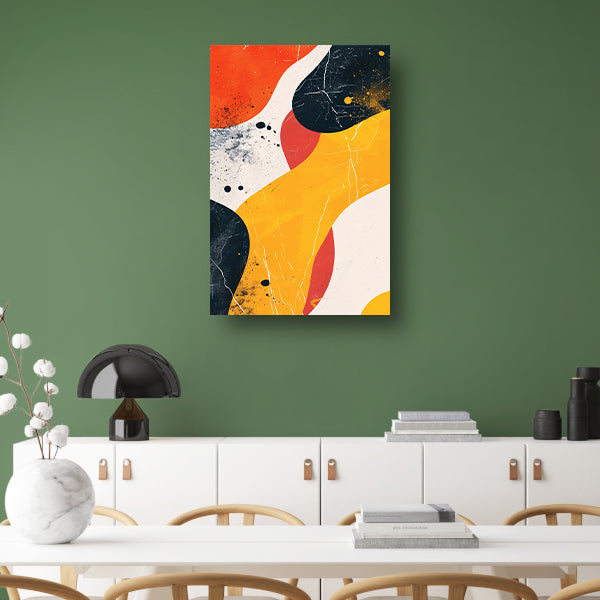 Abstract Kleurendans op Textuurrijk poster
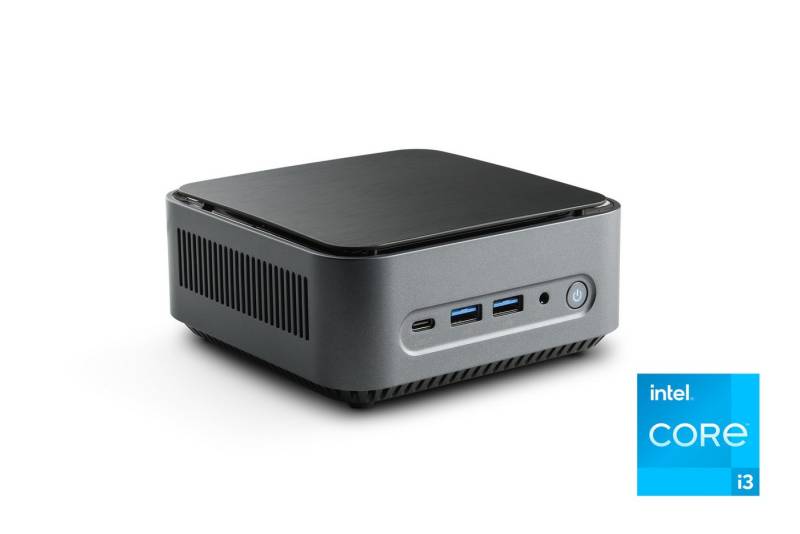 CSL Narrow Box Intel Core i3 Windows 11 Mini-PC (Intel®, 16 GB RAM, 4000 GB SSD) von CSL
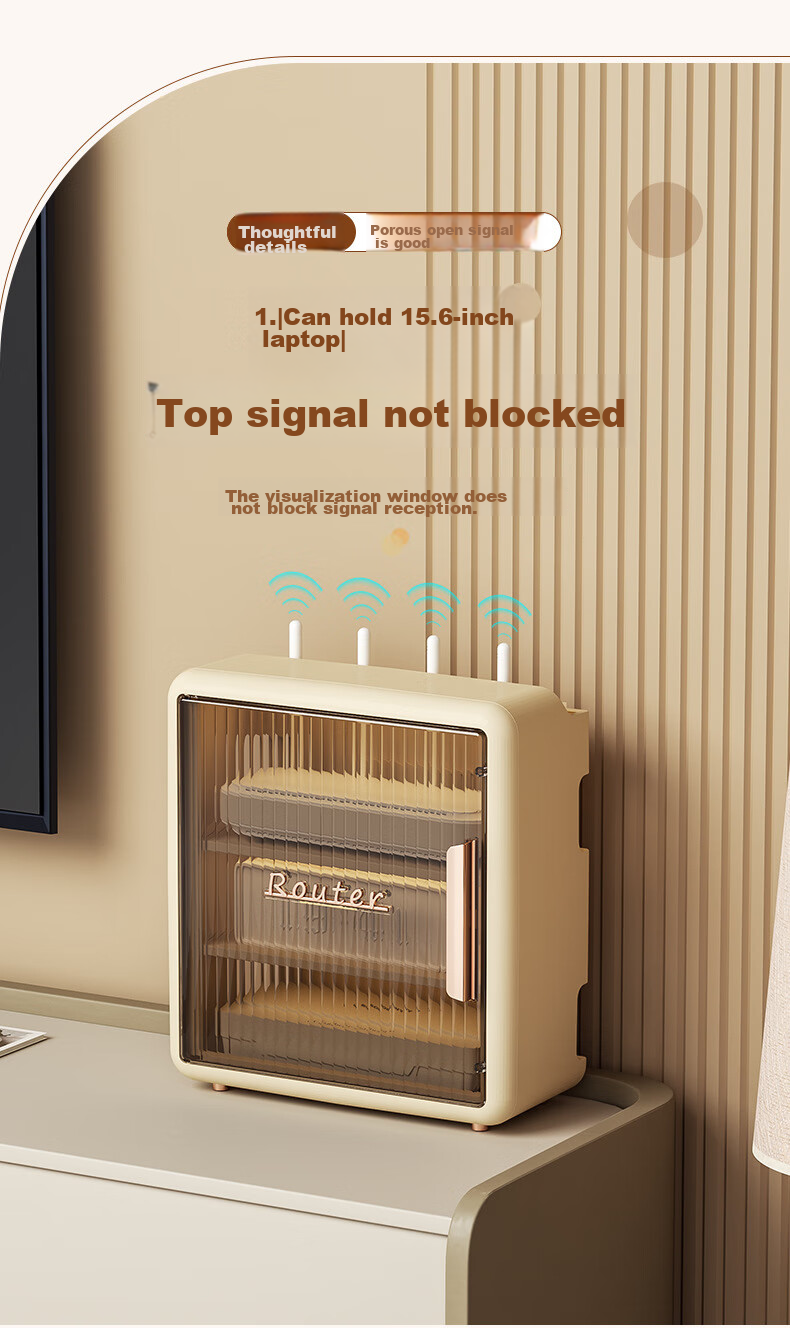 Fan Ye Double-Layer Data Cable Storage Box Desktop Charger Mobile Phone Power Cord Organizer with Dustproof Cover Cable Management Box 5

## Aim of the task:
Nothing but the lines from the one containing "CSL Narrow Box" through the end of the listing should be printed, each exactly as it appears and without pictures.

## Reply to the task:
 CSL Narrow Box Intel Core i3 Windows 11 Mini-PC (Intel®, 16 GB RAM, 4000 GB SSD) von CSL
 Fan Ye Double-Layer Data Cable Storage Box Desktop Charger Mobile Phone Power Cord Organizer with Dustproof Cover Cable Management Box 5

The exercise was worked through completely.